If Ira can do repeats, so can we!
Maybe one of you works for Chicago Public Radio and can let them know why the survey didn’t have exactly 1000 respondent? Ira has given me so much information and entertainment over the years; it would be good to give back just a little.
You can contact them at
[email protected]
Now riddle me this; why do people take 999 bootstrap samples and not 1000 (or 1001 for that matter)? I have a half remembered, half made up memory of the answer that goes something like “…and that’s why you use 999 randomizations and not 1000”, but I can’t seem to remember the first half.
I found this dead end from Wilcox in a comment on stackexchange:
http://books.google.com/books?id=uUNGzhdxk0kC&pg=PA155&lpg=PA155&dq=%22599+is+recommended+for+general+use%22&source=bl&ots=ZSpVygnQkK&sig=Z47Do1Xk_2_FtnBxIYm2buSQnkw&hl=en&sa=X&ei=IZf5UsDWDsifqQG3hYCYBQ&ved=0CDcQ6AEwAg#v=onepage&q=%22599%20is%20recommended%20for%20general%20use%22&f=false
From what I can tell, it’s for when you estimate confidence intervals.
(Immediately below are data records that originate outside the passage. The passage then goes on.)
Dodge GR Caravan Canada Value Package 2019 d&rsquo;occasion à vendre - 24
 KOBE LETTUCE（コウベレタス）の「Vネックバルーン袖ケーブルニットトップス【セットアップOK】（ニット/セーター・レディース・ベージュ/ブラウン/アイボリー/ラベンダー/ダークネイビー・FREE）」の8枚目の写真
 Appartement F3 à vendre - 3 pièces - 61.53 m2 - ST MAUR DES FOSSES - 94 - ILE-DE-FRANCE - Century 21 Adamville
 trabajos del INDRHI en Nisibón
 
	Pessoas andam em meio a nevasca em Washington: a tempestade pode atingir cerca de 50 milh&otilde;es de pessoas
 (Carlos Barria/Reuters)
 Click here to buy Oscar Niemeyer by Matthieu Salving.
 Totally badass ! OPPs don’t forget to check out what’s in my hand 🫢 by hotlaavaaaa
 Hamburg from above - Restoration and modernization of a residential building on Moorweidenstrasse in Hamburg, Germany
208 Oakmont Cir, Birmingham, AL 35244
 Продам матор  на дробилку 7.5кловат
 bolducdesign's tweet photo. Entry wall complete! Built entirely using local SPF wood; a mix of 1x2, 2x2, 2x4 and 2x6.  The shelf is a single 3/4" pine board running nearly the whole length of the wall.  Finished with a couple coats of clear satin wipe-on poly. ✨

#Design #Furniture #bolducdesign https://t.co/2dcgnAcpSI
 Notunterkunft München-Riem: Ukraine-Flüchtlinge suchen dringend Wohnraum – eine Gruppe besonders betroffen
If for a scalar parameter you order your bootstrap estimates from 1 to B, then conservative estimators for the 5th and 95th percentiles are given by the (B+1)*0.05th and the (B+1)*0.95th estimates. Since you want those to be integers, and you want them to err on the side of giving a wider CI, you should set e.g. B=999 instead of B=1000.
They discuss this a little in Davison & Hinkley, Bootstrap Methods and their Applications, chapter 5.
Maybe something to do with ties? Or some funkiness with even vs odd number of samples?
Gray’s explanation makes sense. It’s silly, though, because when you get right down to it there’s no real reason to want an exact 95% interval rather than 94% or 96%. I mean, sure, pick whatever N you want, but in this case I’d say they’re overthinking the matter, which I don’t recommend, as it can distract students from more important points.
Hearing this blog shouted-out on This American Life would be the most niche little joy I can imagine
There could be other explanations. Maybe it is like this story:
The height of Mount Everest was calculated to be exactly 29,000 ft (8,839.2 m) high, but was publicly declared to be 29,002 ft (8,839.8 m) in order to avoid the impression that an exact height of 29,000 feet (8,839.2 m) was nothing more than a rounded estimate.
https://en.wikipedia.org/wiki/Andrew_Scott_Waugh
Roger:
I didn’t know that Everest story. It’s great. For the surveys, though, I’m pretty sure my story is correct. Survey interviewing is going on in parallel, so they can’t really pick the exact sample size ahead of time.
“Ira has given me so much information and entertainment over the years; ”
I’ll never forget the episode on the Fraternal Order of Real Bearded Santas. Hilarious.